Hans(Teeuwen) is holding court, squeezing the last laugh out of every vowel, still unable to face the comedown. Hans scats with Bird as Charlie Parker crackles through the laptop's speakers. I'd seen Hans a couple of weeks ago and found his humour a breath of fresh air. In a world where alternative comedy seems to have become paradoxically homogenised it takes someone like Hans to be the prick that bursts the soap bubble.





Wrapped around him, like a freshly plucked feather boa, clung his chick Eva. She'd walked straight off the set of a Renault ad and Han's was not Papa. Eva was the prize of rock gods- half his age, painfully perfect and in full bloom.




Leaning out of the four storey window, infusing the night air with blue smoke was Live Producer Laura (Clarke).





Martijn (Koning) began to obsess over 'touch'. What started out as an innocuous request had turned into a revelatory monster. He kept reading meaning in the images, extrapolating until the frustration welled in his forehead.




Kees(Van Amstel) used the hand for comic effect.



Everyone reveled in Martijn's astonishment when the photographs were set to 'slide show'. They gasped and howled as they analysed each other's revealing response to 'touch'. At 5.30 I reversed out of the cab and suggested that Hans should call me if he ever needed my professional services. Eva's purr turned to a growl as she tightened her claws. "What?" she snarled.

I forgot in the cava haze that she was a photographer too - and she had exclusive rights.


10 Aug 2009

Dylan Moran- What It Is


 Got the comps, joined the queue and we were funneled into the Playhouse, flanked by my photograph of tonights act - Dylan Moran. The 3,000 seater is a sell-out, packed to it's claret rafters. Projected behind him loomed my shot. This came as a surprise; I hadn't realised my photograph was going to become part of the set.
 Tonight he's playing to his adopted home town of Edinburgh. Performing to locals and family is a mixed bag of excitement and pant-soiling fear. Dylan defiantly surmounted his nerves and left the audience with withdrawal symptoms.


7 Aug 2009

Stewart Lee- Taking a Stand



 At The Stand Comedy Club the walls are perspiring and the heat is fanned by laughter. Stoking the flames is Stewart Lee, Britain's one-time 41st Funniest Man and satirical thorn in the backside of mediaocrity. 
 I've been called in to try and resolve his identity crisis. Stewart is often confused with "Terry Christian, Todd Carty, Morrissey, Edwyn Collins, Leonardo DiCaprio, Ray Liotta, Roland Gift, Ali Campbell, Mark Lamarr and a 1930's drawing of Tarzan."  It was a tall order but after a couple of sessions I could now offer him a selection of Stewart Lee impressions.
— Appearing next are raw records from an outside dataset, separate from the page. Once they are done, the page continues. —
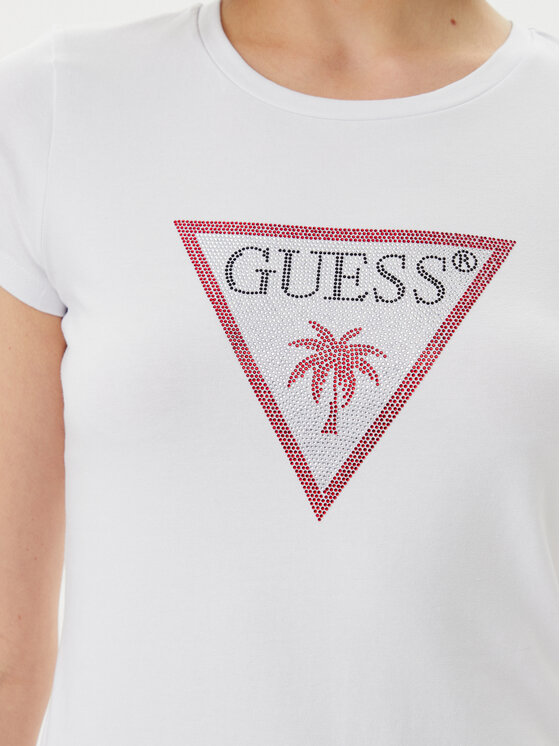 Guess Guess T-krekls E5GI08 J1314 Balts Slim Fit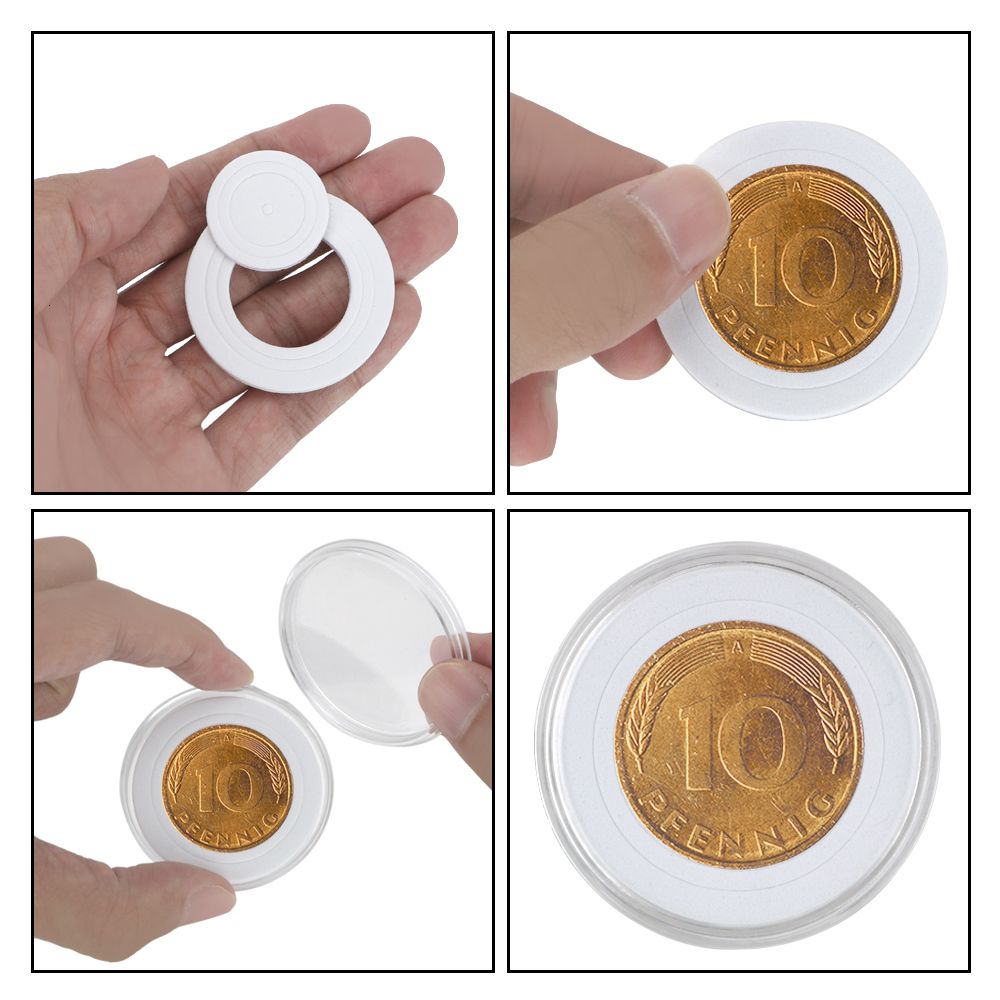 Other Home Garden 20 30 50 100PCS Coins Storage Box With Adjustment Pad Adjustable Antioxidative Wooden Commemorative Coin Collection Case 230919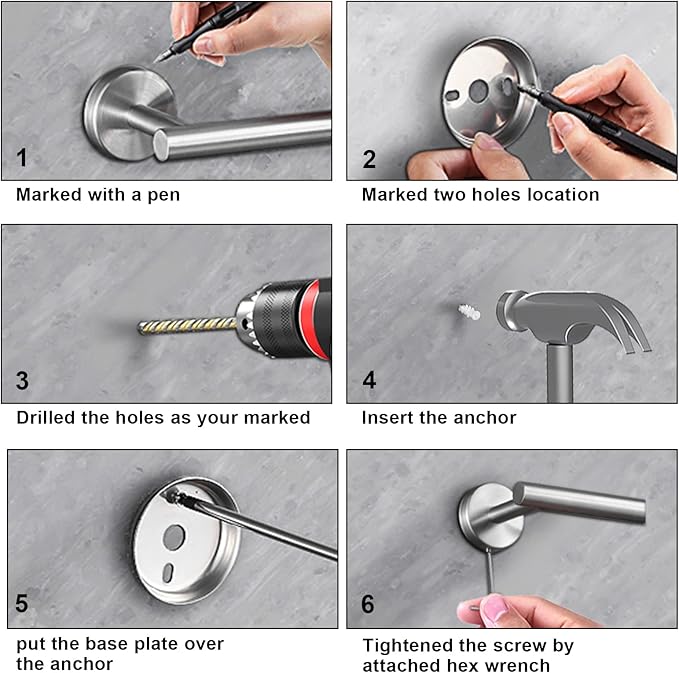 10Pcs Bath Tower Set, Includes 23.6 inch & 16 inch Towel Bars, Hooks, Rings & Toilet Paper Holder - Brushed Nickel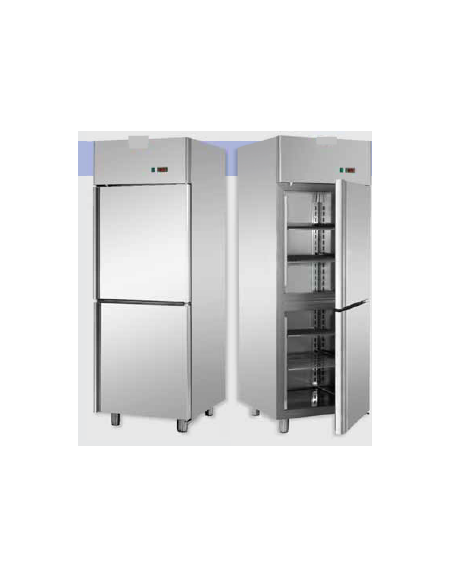 Armadio Refrigerato 600x400 monoblocco in Acciaio Inox a bassa temperatura per Pasticceria con 2 sportelli cm 71x80x203h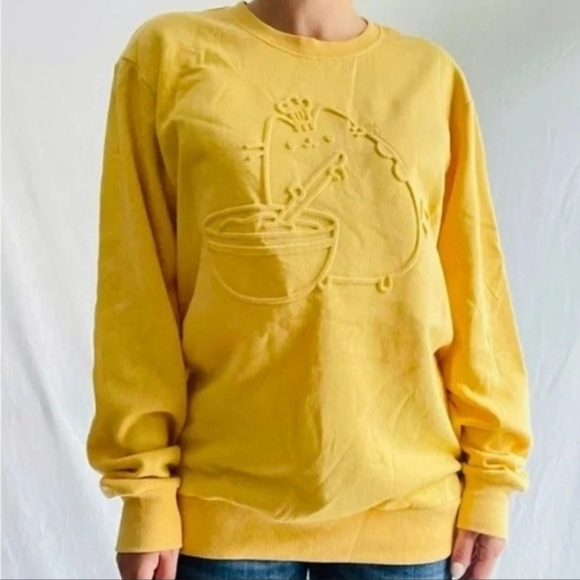 Pusheen The Cat long sleeve yellow Sweatshirt Chef Mixing Graphic Med. - Picture 1 of 8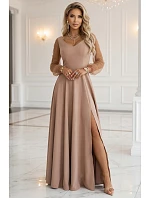 640-4 LORETTA jedinečné dlhé šaty s tylovými rukávmi a výstrihom - béžové 640-4 LORETTA jedinečné dlhé šaty s tylovými rukávmi a výstrihom - béžové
From the shoot there wasn't a single image he'd censor. Stewart was a great subject and impeccably unkempt company.
 


12 Jun 2009

The Cactus Gardener


The usual story- I met Kamikaze in a disused abattoir in the l'aisselle de Marseilles where the fetid stench of rendered carcasses clung to the walls. The site was trailer trashed; strewn with crippled and cannibalised caravans. The Kamikaze Plaza was an oasis of land-mine cacti in the slaughter-house's Esquina Latina. Tin baths, oil cans, pre-mulched toilets and piss-pots provided shelter from the bonemeal mistral.
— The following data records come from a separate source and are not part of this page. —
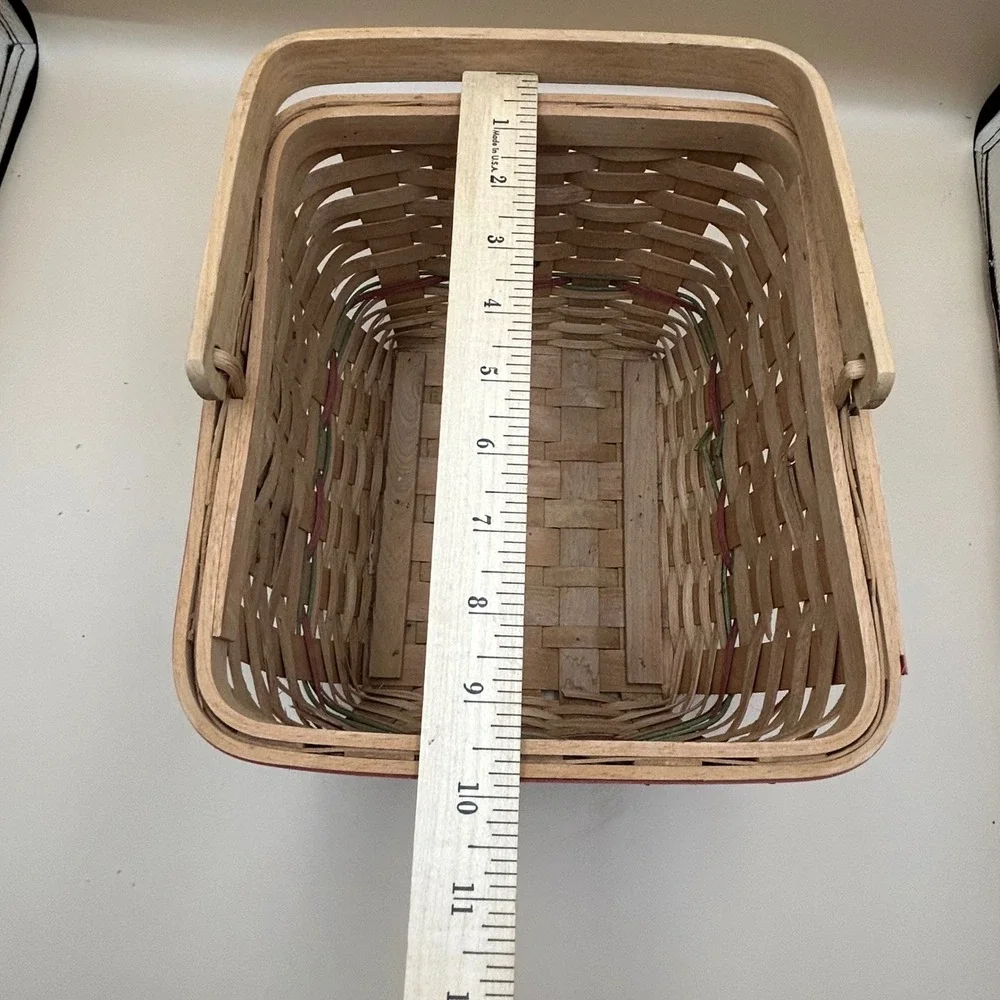 Vintage Farmhouse Woven Wood Basket with Rooster Patch and Swing Handle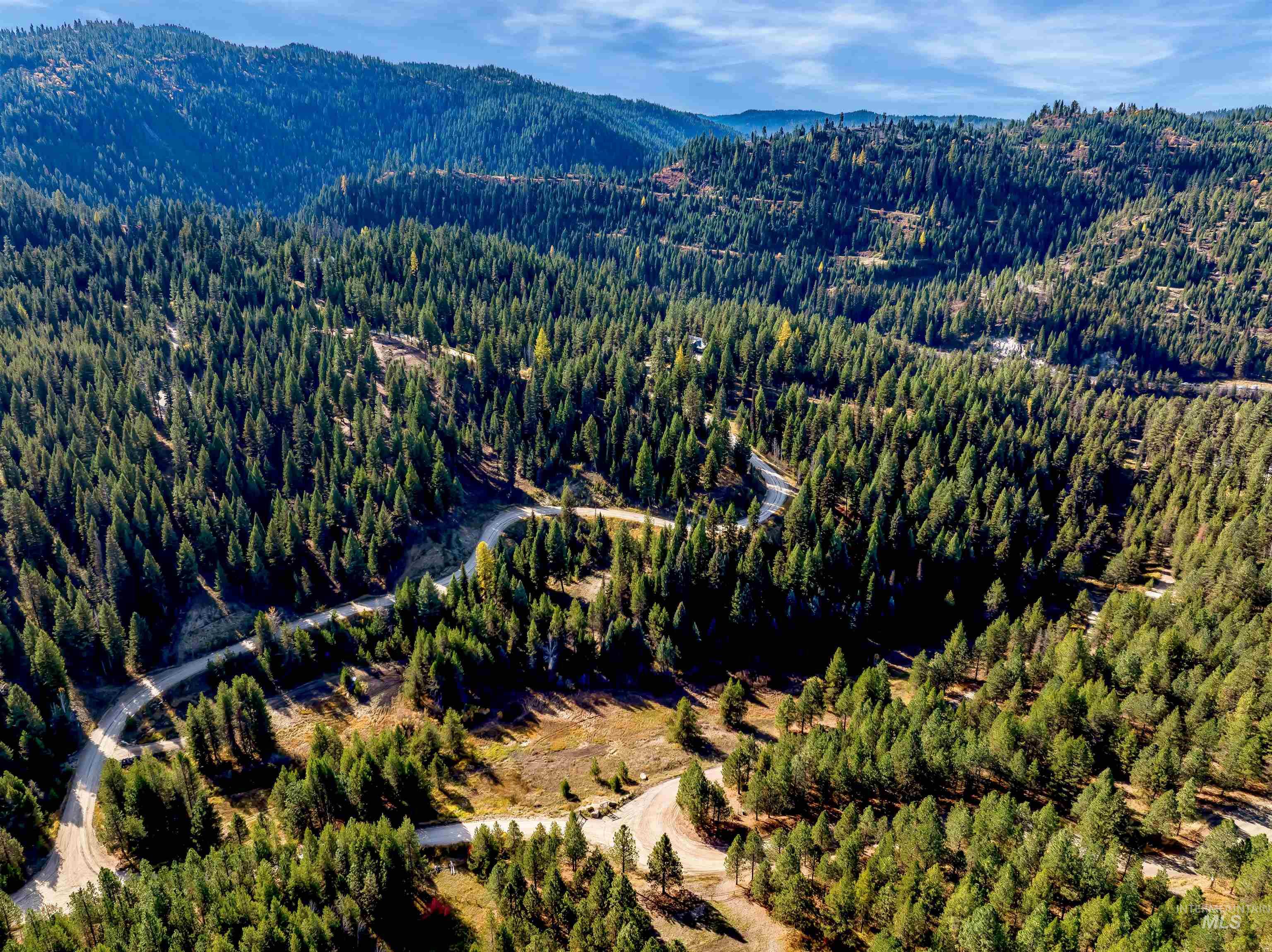 Aerial view of mountains and a heavily wooded area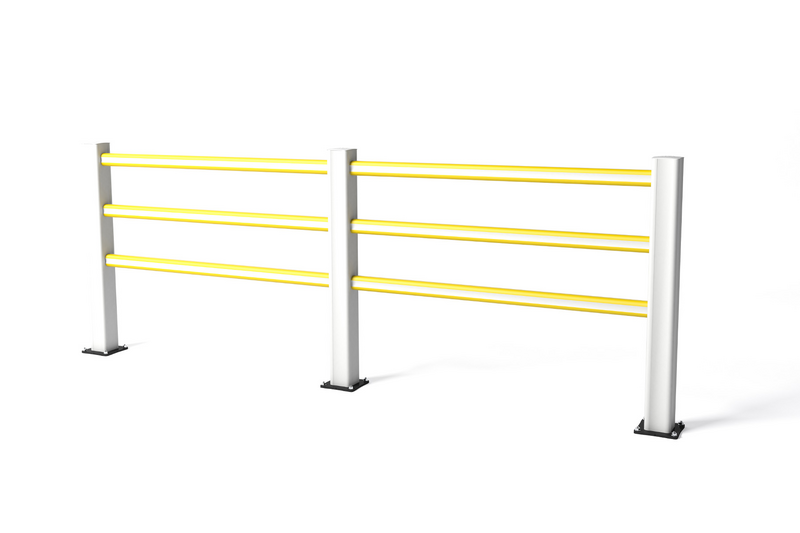 Render of a yellow ICE FLEX® HP PLUS 3 RAILS - Handrails on a white background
 I had flown a thousand miles to discover that when he wasn't travelling he stayed just 2 miles from my door. Kamikaze reigns from the Principality of Pilton. His pathological impulse to bring laughter courses through his galvanised veins. Kamikaze's motto is 'C'est la Fuckin Vie' and his métier is cracking smiles in granite. We are each others star-gate.
 That was 7 years ago and now he's come knocking. Kamikaze's got a present for me hidden up his sleeve. He's been waiting to surprise me since returning from Peru and now he's inching-up his shirt cuff. There amongst the hallowed tapestry of tattoos stood the syringe-spined silhouette of the Cactus Gardener. My work is now indelibly mortalised.